Con l’invasione delle piazze, innescata dal disagio economico, esplode una profonda sofferenza politica. La riproletarizzazione di questi anni comporta non solo una incalzante riduzione del potere d’acquisto ma soprattutto una mortificante revoca di potere. In un paese come la Francia, in cui l’equilibrio repubblicano dipende dal rapporto tra tendenziale centralismo elitario e sanguigna fierezza popolare, la riproletarizzazione è un’insopportabile rottura dell’ultimo compromesso politico.
Il popolo, non il populismo, è stato in questi giorni protagonista dei fatti di Francia (a parte isolati gesti di ribellismo e perfino di razzismo antisemita).
A riflettere su questo episodio, si coglie la radicale differenza tra populismo e popolo. Populismo è un’impresa di parte, di uno o di pochi che progettano di conquistare il potere con il sostegno dei più, abilmente manipolandoli e rinfocolandone rancorose frustrazioni. Popolo invece sono i più, quando maturano il senso del loro essere comune e della loro solidale responsabilità.

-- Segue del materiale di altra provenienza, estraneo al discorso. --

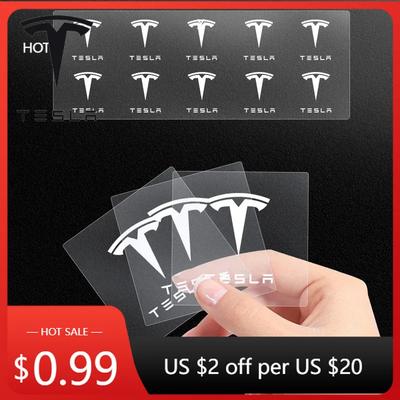 Car Sticker Car Logo Car Chair Sun Visor Universal Large Sticker Decoration For Tesla Model 3 Model X Y Style MODEL S ROAD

Una politica populistica temerariamente promette. La politica seria propone e discute.
Anche in Italia, come in Francia, il potere diffuso e la coscienza d’esserne partecipi sono scomparsi. Sindacalista o insegnante, parlamentare o sindaco, nessuno più sente, nella propria funzione specifica, di concorrere alla direzione civile del paese, e di essere perciò partecipe del potere politico generale. I diversi luoghi del potere diffuso sono in realtà tutti deserti.
Non restano, a quanto pare, che i pochi centri di potere forte: la solita "razza padrona", le famiglie un tempo grosse imprenditrici ed ora intese soprattutto a moltiplicare le rendite finanziarie. Ma la sorte del mondo la decidono su ben altra scala concentrazioni di potere, i cui luoghi sono rigorosamente invisibili.
Intanto gl’italiani dei ceti operosi, prima imborghesiti e poi riproletarizzati, in gran numero sembrano essersi sciolti in una poltiglia informe di paure e d’illusioni. Si sfogano sui social o fidano incantati nei giochi di prestigio populistici.
Ma la salvezza sta altrove, nel coraggio di rifarsi popolo. Ad avviare questa difficile impresa deve lavorare, se ancora c’è, l’intelligenza politica. Il tempo è propizio. Nel momento stesso in cui, lasciata dai governi ingrigire, l’Europa deperisce, una sua nuova unità appare indispensabile.
Questo è già l’aurorale orizzonte, in cui con entusiasmo si muovono i nostri giovani, in cerca di conoscenza e di lavoro.
Gaetano Manfredi, il rettore dell’Università Federico II, insiste con forza a ricordarci che queste generazioni «conoscono il valore dell’Europa della pace, un bel sogno da difendere strenuamente». Nell’impegno per la giovane Europa all’intelligenza politica si offre la grande occasione di riaccendere negl’italiani la coscienza di essere popolo.